A mother-of one from Birmingham has told how she sparked a cocaine smuggling alert after shipping washing powder to relatives in Jamaica. Now angry Sharon Jaddoo wants to be reimbursed for goods including cooking oil, rice, custard and toothpaste, which was lost when her four oil barrels crammed with the groceries were seized on the sunshine island. The 44-year-old, from Handsworth, spent months packing the 80 kilos drums with items for her partially-sighted aunt in Kingston.
But when they arrived in the Caribbean, customs officers pounced – with washing powder and even teabags apparently ripped open in the fruitless search for drugs. Sharon is now £440 out of pocket – and she wants it back. She said: ‘‘How stupid can you be? Hasn’t anyone told them you don’t smuggle drugs into Jamaica, you smuggle drugs out of Jamaica?” Sharon has already clashed with Swift Connections, the shipping company paid £370 to make the overseas delivery.
It has made a £200 “goodwill” payment, but denies any responsibility. The fault, management stress, lies with Sharon who they claim should have packed items with greater care. And they claim to have endured abuse from her. Director Philip Jackson was moved to send a letter warning: “You have abused several members of staff, telling one she is lucky she was in London or you would ‘deal’ with her.” Sharon spent seven months and £700 filling the drums for 77-year aunt Mavis, something she’s done on several occasion without a hitch.

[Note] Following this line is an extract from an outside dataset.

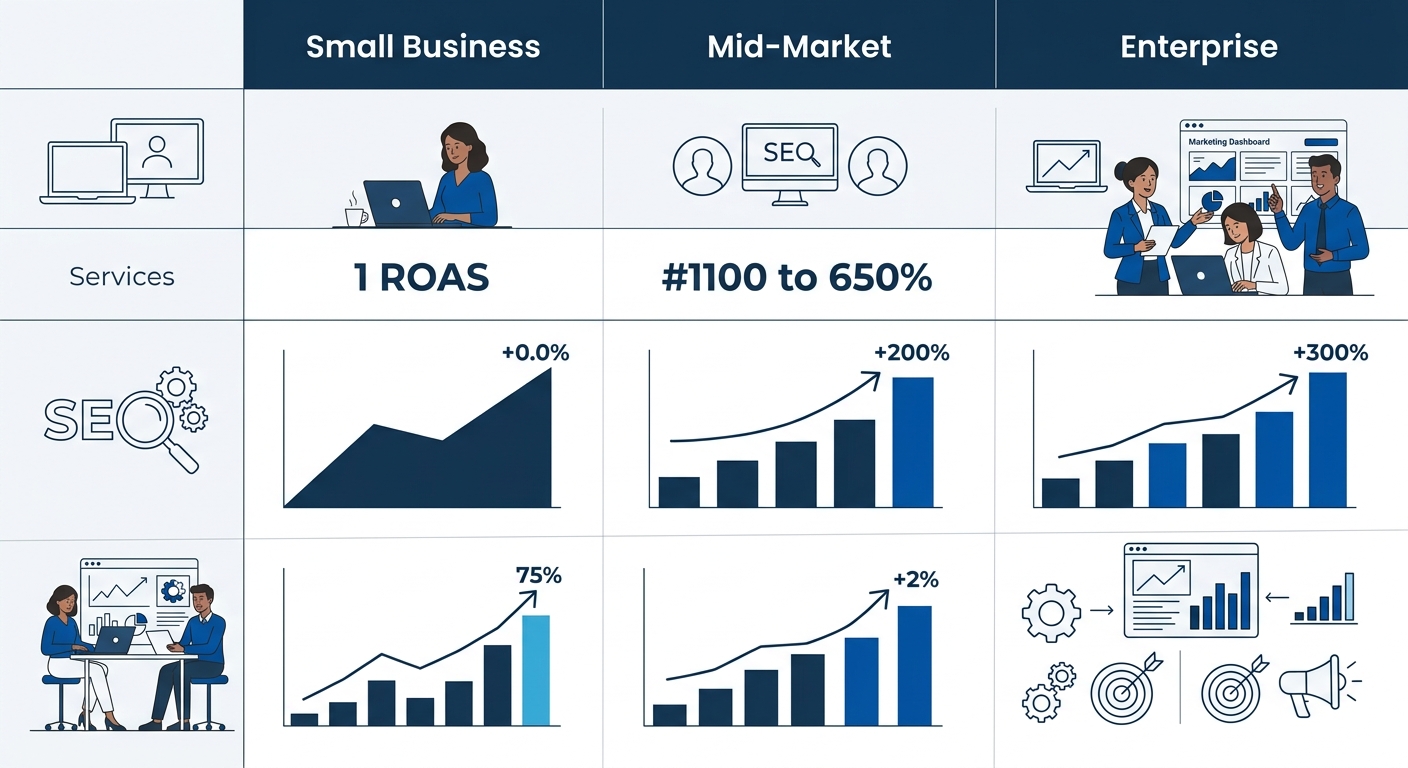 A comparison table showing three tiers of SEO agency pricing in the Philippines — small business, mid-market, and enterprise — with typical monthly costs in pesos, services included at each tier, and 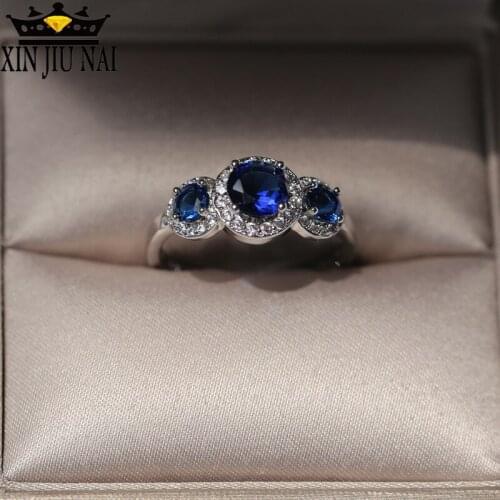 Vintage Three Sky Blue Zirconia Engagment Ring Women Crystal Jewelry Silver Wedding Rings For Women Simple Gifts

She dubbed authorities “stupid” for mistaking her shopping for a cache of Class A drugs. But she candidly admits firing a broadside at shaken Swift Connection staff in Jamaica. “If you are rude to me, I’ll be rude to you,” she added. “They don’t know the meaning of abuse. At the end of the day, it’s my business. They are my things for my aunt.” Mr Jackson stressed the £200 payment was made “from a goodwill perspective” and was well above the calculated cost of items listed missing on a scrawled note from Sandra. “We just thought, ‘let’s move on, it’s not worth the hassle’.”